"I think the ABA aught to be ashamed of itself," Frank said in a brief interview on the Time Warner Cable Arena concourse late Wednesday.
"I think they will do themselves a lot of harm with the public, pursuing the right to make the same kinds of mistakes they did before," Frank said. "It kind of reminds me of what was said with the kings of France, when they returned to power after the revolution. Someone said, 'Well, they don't seem to have, they seemed to have forgotten everything.' Reply was, 'No, they didn't forget anything, they didn't ever learn anything in the first place.'"
The comments were in response to a Bloomberg report that the ABA seeks to raise several million dollars to influence six to 12 Senate races. House Republicans have sought a roll-back of provisions in the Dodd-Frank financial reform law, but have been largely blocked by the Senate, where Democrats hold a slim majority.

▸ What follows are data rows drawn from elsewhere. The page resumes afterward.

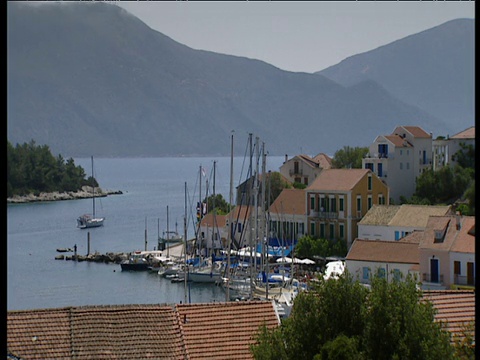 一艘小船从海湾驶出，背景是Fiscardo Cephalonia的多山岛屿视频素材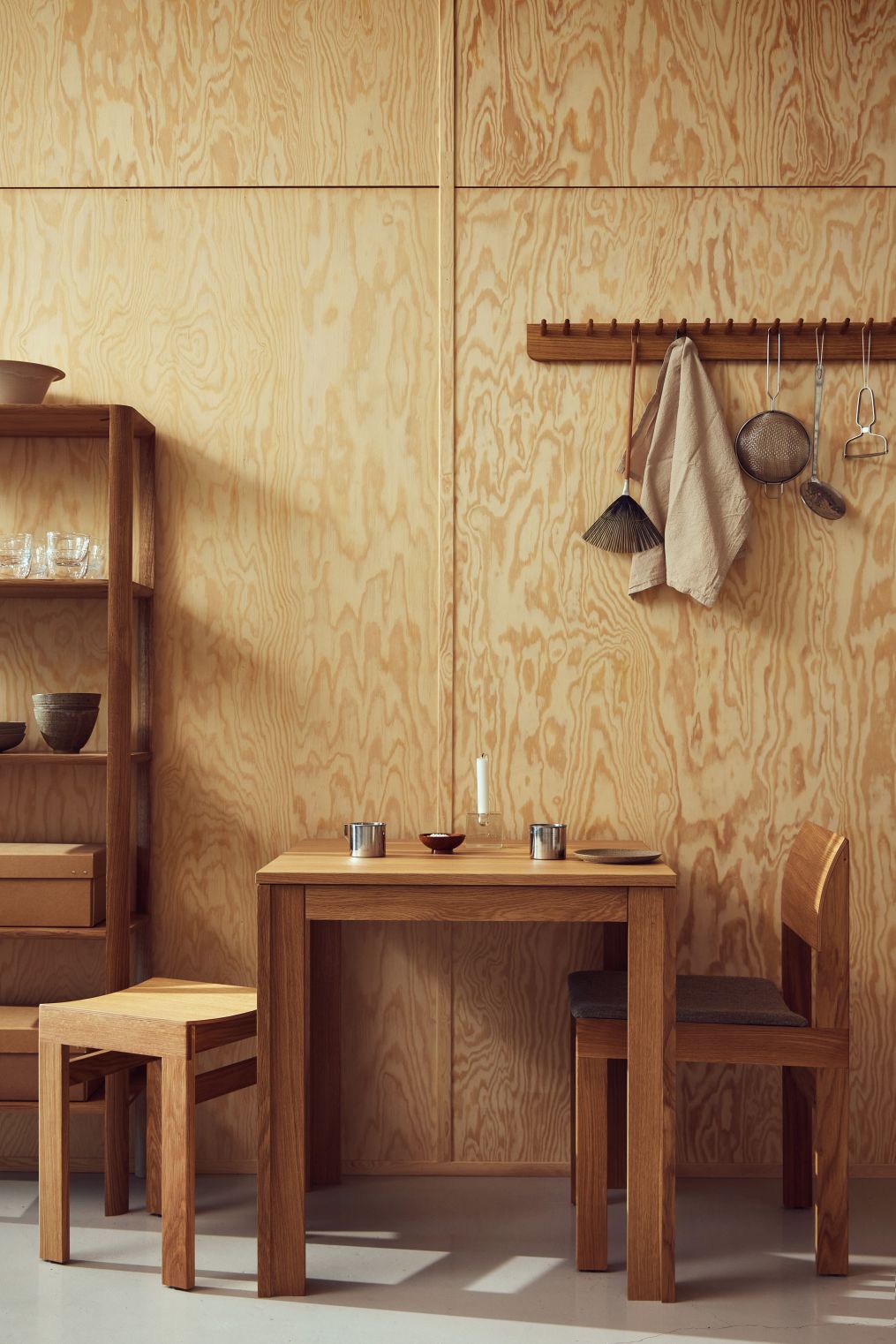 Esszimmer mit Form & Refine Sonder Stuhl mit Polster, Holztisch, Regal und Küchenutensilien an der Wand.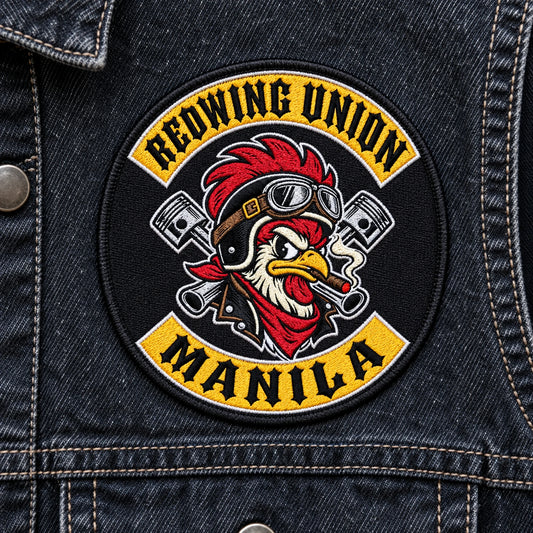 Round chest patch adapting the approved logo without adding dates or wording for a motorcycle club, shown at dark denim vest panel.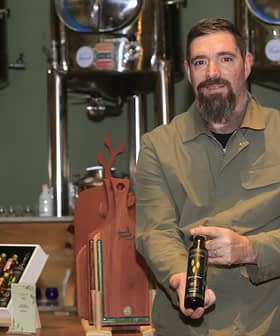 Man with a beard holding a bottle of olive oil in a production setting with equipment in the background. - Olive Oil Times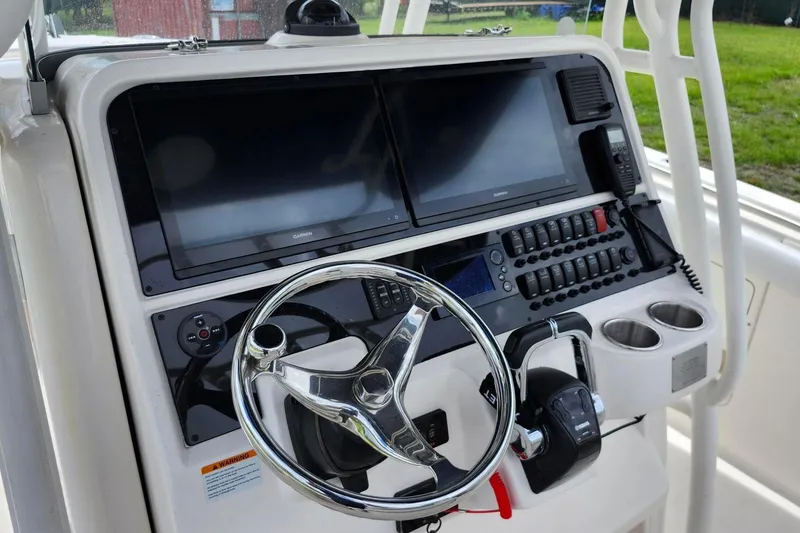 Slide: The Image of 2015 Robalo R300 Center Console helm with dual displays and controls. - 20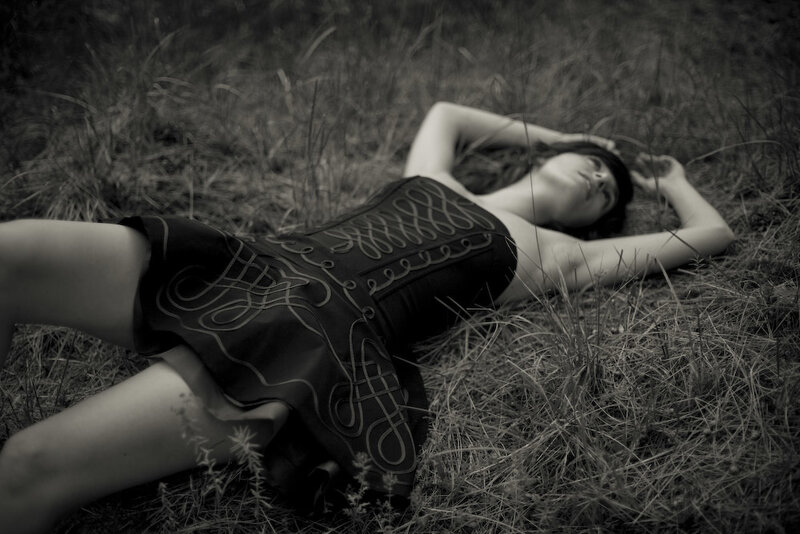 Woman Lying in Grass — Black, Serene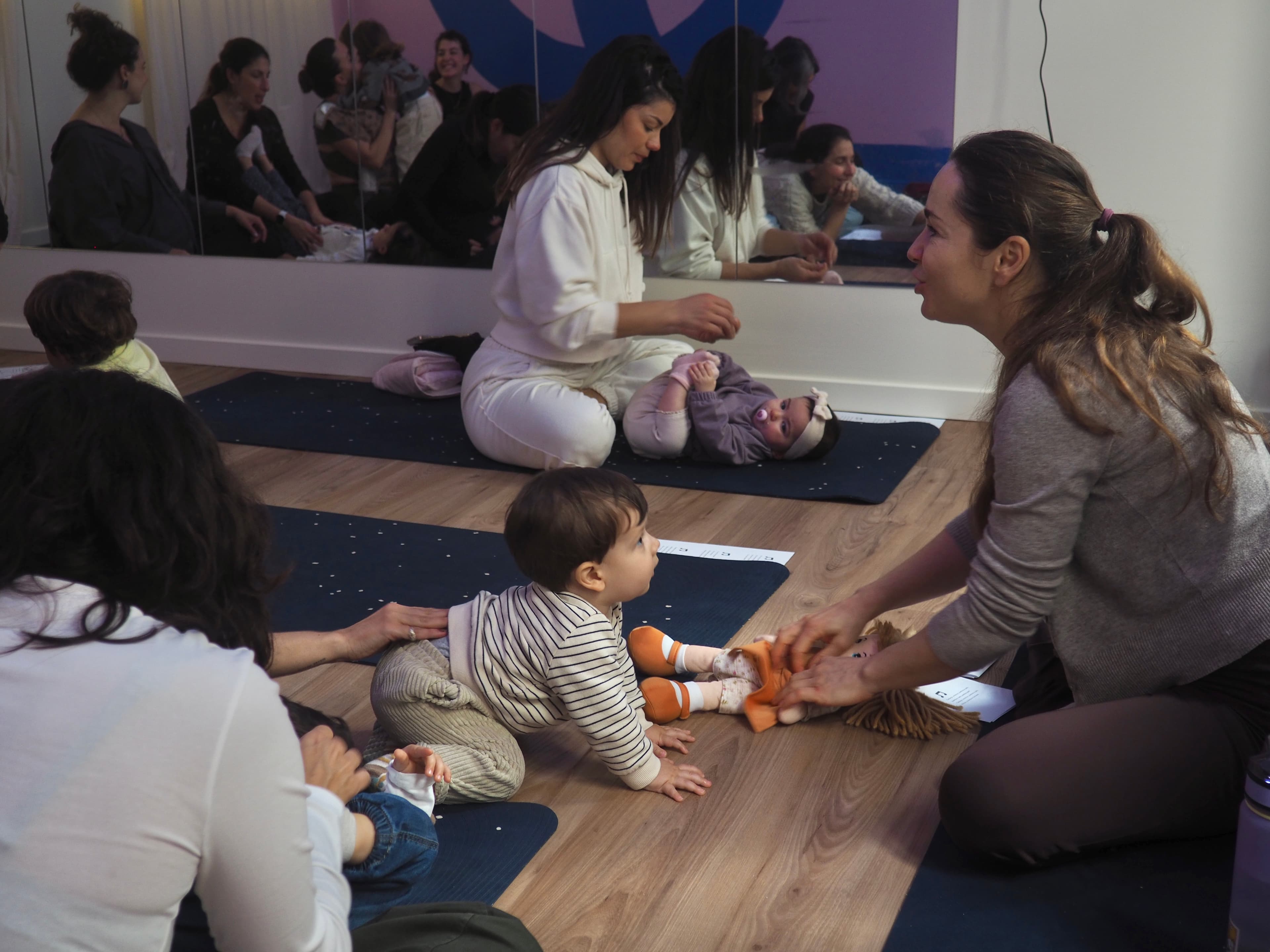 Parents and young children participating in a Baby & Me ritual at Circle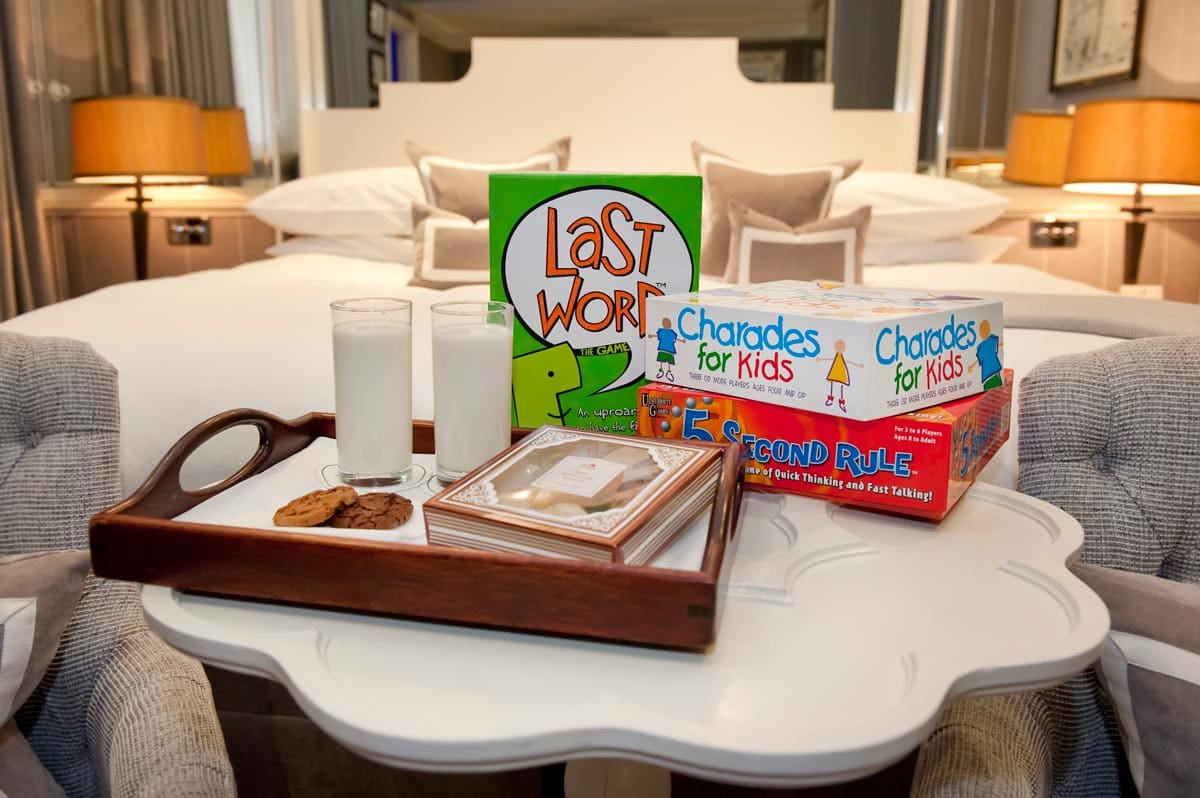 A tray of family games awaits new guests within the room at The Rubens at the Palace.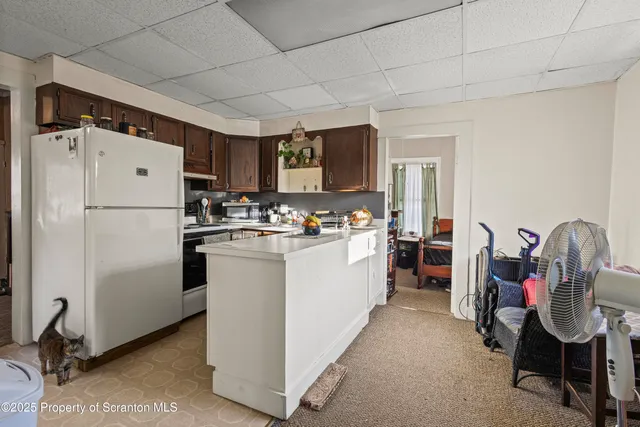 a kitchen with stainless steel appliances a refrigerator sink and cabinets
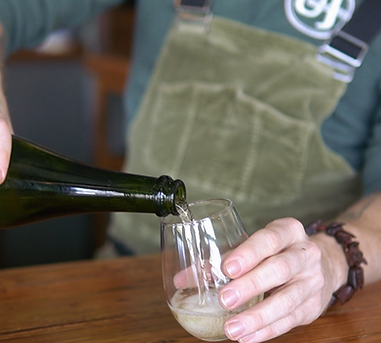 Close-up of a Universal Joint employee in an apron pouring white wine into a stemless glass.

The American Bankers Association described the fund as an “education and advocacy” initiative similar to those that many trade groups set up. “The board approved the proposal so that ABA can more effectively serve its members in today’s environment,” spokesman Jeff Sigmund said in an email.
Frank is the ranking member on the House Financial Services Committee and is the "Frank" in the reform law. He has said he will retire at the end of this term, his 16th.
Frank said in the interview that he has met with several financial industry leaders during the convention in Charlotte, but hasn't made a particular effort to.
"Brian Moynihan lives in my district, in the commonwealth of Massachusetts," Frank said. "I don't have to come to North Carolina."
He also said holding the convention in Charlotte, a major financial center, does not pose a problem for the Democratic Party as some have suggested. Later Wednesday, Senate candidate Elizabeth Warren was critical of banks and Wall Street in her speech.
"It's only in the minds of the media," Frank said. "I don't know any citizen who cares about that. Where people have the conventions is irrelevant."
He said his party's financial industry priority in the next session is to "consolidate" and make sure financial reform is carried out by having the "right people in place" and keeping regulators fully funded.